→ About this task
Write the records out once more. Leave each line exactly as given.

--- The input Enclosed Below ---

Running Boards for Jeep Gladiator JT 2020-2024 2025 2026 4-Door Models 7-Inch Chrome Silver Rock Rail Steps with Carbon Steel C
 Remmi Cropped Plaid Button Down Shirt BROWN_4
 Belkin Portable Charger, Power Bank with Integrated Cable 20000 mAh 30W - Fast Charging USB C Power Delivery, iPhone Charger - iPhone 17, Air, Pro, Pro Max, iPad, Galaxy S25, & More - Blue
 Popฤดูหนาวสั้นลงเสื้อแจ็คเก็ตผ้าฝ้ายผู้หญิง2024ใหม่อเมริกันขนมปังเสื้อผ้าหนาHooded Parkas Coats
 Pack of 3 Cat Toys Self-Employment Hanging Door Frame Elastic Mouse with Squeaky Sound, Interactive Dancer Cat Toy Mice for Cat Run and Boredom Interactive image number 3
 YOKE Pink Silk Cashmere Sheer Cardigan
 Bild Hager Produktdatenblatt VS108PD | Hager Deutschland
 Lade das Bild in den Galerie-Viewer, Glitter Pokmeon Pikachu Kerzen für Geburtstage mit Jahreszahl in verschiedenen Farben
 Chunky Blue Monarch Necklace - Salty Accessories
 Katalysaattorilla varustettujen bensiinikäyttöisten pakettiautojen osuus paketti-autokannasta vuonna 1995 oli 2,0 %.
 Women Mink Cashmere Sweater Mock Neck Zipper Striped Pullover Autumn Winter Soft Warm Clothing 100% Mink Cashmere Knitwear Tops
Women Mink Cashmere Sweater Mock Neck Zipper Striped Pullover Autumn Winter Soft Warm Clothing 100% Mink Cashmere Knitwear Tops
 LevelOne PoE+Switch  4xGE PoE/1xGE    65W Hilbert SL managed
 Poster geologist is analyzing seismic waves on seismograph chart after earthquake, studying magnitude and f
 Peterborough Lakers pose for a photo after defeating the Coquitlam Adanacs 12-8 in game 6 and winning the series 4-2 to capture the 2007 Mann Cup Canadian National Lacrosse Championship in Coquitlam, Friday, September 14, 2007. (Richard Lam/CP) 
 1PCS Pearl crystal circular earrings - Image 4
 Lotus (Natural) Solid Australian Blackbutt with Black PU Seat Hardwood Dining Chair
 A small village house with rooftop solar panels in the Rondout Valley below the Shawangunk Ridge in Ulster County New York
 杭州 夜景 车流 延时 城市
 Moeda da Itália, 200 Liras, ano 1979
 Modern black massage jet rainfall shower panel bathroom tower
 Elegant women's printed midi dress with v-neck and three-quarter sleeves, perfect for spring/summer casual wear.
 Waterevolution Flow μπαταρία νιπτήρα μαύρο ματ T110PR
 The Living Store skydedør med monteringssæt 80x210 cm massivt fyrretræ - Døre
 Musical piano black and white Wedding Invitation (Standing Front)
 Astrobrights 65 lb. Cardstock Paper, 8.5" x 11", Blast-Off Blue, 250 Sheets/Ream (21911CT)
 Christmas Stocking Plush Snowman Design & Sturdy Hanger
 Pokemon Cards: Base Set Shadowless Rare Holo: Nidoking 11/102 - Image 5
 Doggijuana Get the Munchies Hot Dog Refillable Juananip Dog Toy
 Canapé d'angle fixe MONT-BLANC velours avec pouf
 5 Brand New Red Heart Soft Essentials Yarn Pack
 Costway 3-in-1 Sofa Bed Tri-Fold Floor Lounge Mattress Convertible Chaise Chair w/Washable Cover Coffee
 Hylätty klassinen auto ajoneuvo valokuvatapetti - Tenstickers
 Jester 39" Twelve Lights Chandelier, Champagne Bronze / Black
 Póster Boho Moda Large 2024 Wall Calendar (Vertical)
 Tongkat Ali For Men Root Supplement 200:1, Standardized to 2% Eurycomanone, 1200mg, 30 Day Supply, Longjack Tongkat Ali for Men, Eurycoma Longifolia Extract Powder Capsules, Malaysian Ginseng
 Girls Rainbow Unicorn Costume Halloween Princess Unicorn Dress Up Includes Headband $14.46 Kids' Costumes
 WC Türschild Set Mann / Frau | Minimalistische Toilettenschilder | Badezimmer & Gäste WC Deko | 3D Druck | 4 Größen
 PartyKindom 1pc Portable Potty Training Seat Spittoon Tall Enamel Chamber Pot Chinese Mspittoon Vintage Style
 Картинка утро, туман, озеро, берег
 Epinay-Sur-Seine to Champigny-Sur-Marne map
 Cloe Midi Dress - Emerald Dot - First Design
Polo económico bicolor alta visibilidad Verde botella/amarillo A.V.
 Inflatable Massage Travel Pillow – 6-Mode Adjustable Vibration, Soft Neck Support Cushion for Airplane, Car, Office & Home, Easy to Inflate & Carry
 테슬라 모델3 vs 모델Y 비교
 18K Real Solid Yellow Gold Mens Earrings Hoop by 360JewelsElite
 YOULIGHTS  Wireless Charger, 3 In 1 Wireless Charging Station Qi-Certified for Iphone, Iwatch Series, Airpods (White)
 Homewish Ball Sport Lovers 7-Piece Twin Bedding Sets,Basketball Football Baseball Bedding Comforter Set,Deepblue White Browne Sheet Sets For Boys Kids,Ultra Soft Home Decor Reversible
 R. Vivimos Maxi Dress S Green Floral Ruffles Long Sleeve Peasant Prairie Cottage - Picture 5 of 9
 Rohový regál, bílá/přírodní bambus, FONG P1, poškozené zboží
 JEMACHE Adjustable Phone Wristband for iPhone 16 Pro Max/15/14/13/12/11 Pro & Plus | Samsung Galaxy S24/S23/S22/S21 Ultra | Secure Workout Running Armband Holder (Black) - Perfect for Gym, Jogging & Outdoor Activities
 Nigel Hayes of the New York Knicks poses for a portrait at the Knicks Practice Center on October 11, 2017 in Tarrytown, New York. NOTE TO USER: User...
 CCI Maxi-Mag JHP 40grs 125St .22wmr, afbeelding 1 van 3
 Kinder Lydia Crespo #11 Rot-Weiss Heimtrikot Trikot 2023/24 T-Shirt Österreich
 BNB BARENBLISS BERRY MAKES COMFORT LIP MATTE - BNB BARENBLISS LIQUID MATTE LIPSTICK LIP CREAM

--- End of Enclosed The input ---

→ Result for this exercise
Running Boards for Jeep Gladiator JT 2020-2024 2025 2026 4-Door Models 7-Inch Chrome Silver Rock Rail Steps with Carbon Steel C
 Remmi Cropped Plaid Button Down Shirt BROWN_4
 Belkin Portable Charger, Power Bank with Integrated Cable 20000 mAh 30W - Fast Charging USB C Power Delivery, iPhone Charger - iPhone 17, Air, Pro, Pro Max, iPad, Galaxy S25, & More - Blue
 Popฤดูหนาวสั้นลงเสื้อแจ็คเก็ตผ้าฝ้ายผู้หญิง2024ใหม่อเมริกันขนมปังเสื้อผ้าหนาHooded Parkas Coats
 Pack of 3 Cat Toys Self-Employment Hanging Door Frame Elastic Mouse with Squeaky Sound, Interactive Dancer Cat Toy Mice for Cat Run and Boredom Interactive image number 3
 YOKE Pink Silk Cashmere Sheer Cardigan
 Bild Hager Produktdatenblatt VS108PD | Hager Deutschland
 Lade das Bild in den Galerie-Viewer, Glitter Pokmeon Pikachu Kerzen für Geburtstage mit Jahreszahl in verschiedenen Farben
 Chunky Blue Monarch Necklace - Salty Accessories
 Katalysaattorilla varustettujen bensiinikäyttöisten pakettiautojen osuus paketti-autokannasta vuonna 1995 oli 2,0 %.
 Women Mink Cashmere Sweater Mock Neck Zipper Striped Pullover Autumn Winter Soft Warm Clothing 100% Mink Cashmere Knitwear Tops
Women Mink Cashmere Sweater Mock Neck Zipper Striped Pullover Autumn Winter Soft Warm Clothing 100% Mink Cashmere Knitwear Tops
 LevelOne PoE+Switch  4xGE PoE/1xGE    65W Hilbert SL managed
 Poster geologist is analyzing seismic waves on seismograph chart after earthquake, studying magnitude and f
 Peterborough Lakers pose for a photo after defeating the Coquitlam Adanacs 12-8 in game 6 and winning the series 4-2 to capture the 2007 Mann Cup Canadian National Lacrosse Championship in Coquitlam, Friday, September 14, 2007. (Richard Lam/CP) 
 1PCS Pearl crystal circular earrings - Image 4
 Lotus (Natural) Solid Australian Blackbutt with Black PU Seat Hardwood Dining Chair
 A small village house with rooftop solar panels in the Rondout Valley below the Shawangunk Ridge in Ulster County New York
 杭州 夜景 车流 延时 城市
 Moeda da Itália, 200 Liras, ano 1979
 Modern black massage jet rainfall shower panel bathroom tower
 Elegant women's printed midi dress with v-neck and three-quarter sleeves, perfect for spring/summer casual wear.
 Waterevolution Flow μπαταρία νιπτήρα μαύρο ματ T110PR
 The Living Store skydedør med monteringssæt 80x210 cm massivt fyrretræ - Døre
 Musical piano black and white Wedding Invitation (Standing Front)
 Astrobrights 65 lb. Cardstock Paper, 8.5" x 11", Blast-Off Blue, 250 Sheets/Ream (21911CT)
 Christmas Stocking Plush Snowman Design & Sturdy Hanger
 Pokemon Cards: Base Set Shadowless Rare Holo: Nidoking 11/102 - Image 5
 Doggijuana Get the Munchies Hot Dog Refillable Juananip Dog Toy
 Canapé d'angle fixe MONT-BLANC velours avec pouf
 5 Brand New Red Heart Soft Essentials Yarn Pack
 Costway 3-in-1 Sofa Bed Tri-Fold Floor Lounge Mattress Convertible Chaise Chair w/Washable Cover Coffee
 Hylätty klassinen auto ajoneuvo valokuvatapetti - Tenstickers
 Jester 39" Twelve Lights Chandelier, Champagne Bronze / Black
 Póster Boho Moda Large 2024 Wall Calendar (Vertical)
 Tongkat Ali For Men Root Supplement 200:1, Standardized to 2% Eurycomanone, 1200mg, 30 Day Supply, Longjack Tongkat Ali for Men, Eurycoma Longifolia Extract Powder Capsules, Malaysian Ginseng
 Girls Rainbow Unicorn Costume Halloween Princess Unicorn Dress Up Includes Headband $14.46 Kids' Costumes
 WC Türschild Set Mann / Frau | Minimalistische Toilettenschilder | Badezimmer & Gäste WC Deko | 3D Druck | 4 Größen
 PartyKindom 1pc Portable Potty Training Seat Spittoon Tall Enamel Chamber Pot Chinese Mspittoon Vintage Style
 Картинка утро, туман, озеро, берег
 Epinay-Sur-Seine to Champigny-Sur-Marne map
 Cloe Midi Dress - Emerald Dot - First Design
Polo económico bicolor alta visibilidad Verde botella/amarillo A.V.
 Inflatable Massage Travel Pillow – 6-Mode Adjustable Vibration, Soft Neck Support Cushion for Airplane, Car, Office & Home, Easy to Inflate & Carry
 테슬라 모델3 vs 모델Y 비교
 18K Real Solid Yellow Gold Mens Earrings Hoop by 360JewelsElite
 YOULIGHTS  Wireless Charger, 3 In 1 Wireless Charging Station Qi-Certified for Iphone, Iwatch Series, Airpods (White)
 Homewish Ball Sport Lovers 7-Piece Twin Bedding Sets,Basketball Football Baseball Bedding Comforter Set,Deepblue White Browne Sheet Sets For Boys Kids,Ultra Soft Home Decor Reversible
 R. Vivimos Maxi Dress S Green Floral Ruffles Long Sleeve Peasant Prairie Cottage - Picture 5 of 9
 Rohový regál, bílá/přírodní bambus, FONG P1, poškozené zboží
 JEMACHE Adjustable Phone Wristband for iPhone 16 Pro Max/15/14/13/12/11 Pro & Plus | Samsung Galaxy S24/S23/S22/S21 Ultra | Secure Workout Running Armband Holder (Black) - Perfect for Gym, Jogging & Outdoor Activities
 Nigel Hayes of the New York Knicks poses for a portrait at the Knicks Practice Center on October 11, 2017 in Tarrytown, New York. NOTE TO USER: User...
 CCI Maxi-Mag JHP 40grs 125St .22wmr, afbeelding 1 van 3
 Kinder Lydia Crespo #11 Rot-Weiss Heimtrikot Trikot 2023/24 T-Shirt Österreich
 BNB BARENBLISS BERRY MAKES COMFORT LIP MATTE - BNB BARENBLISS LIQUID MATTE LIPSTICK LIP CREAM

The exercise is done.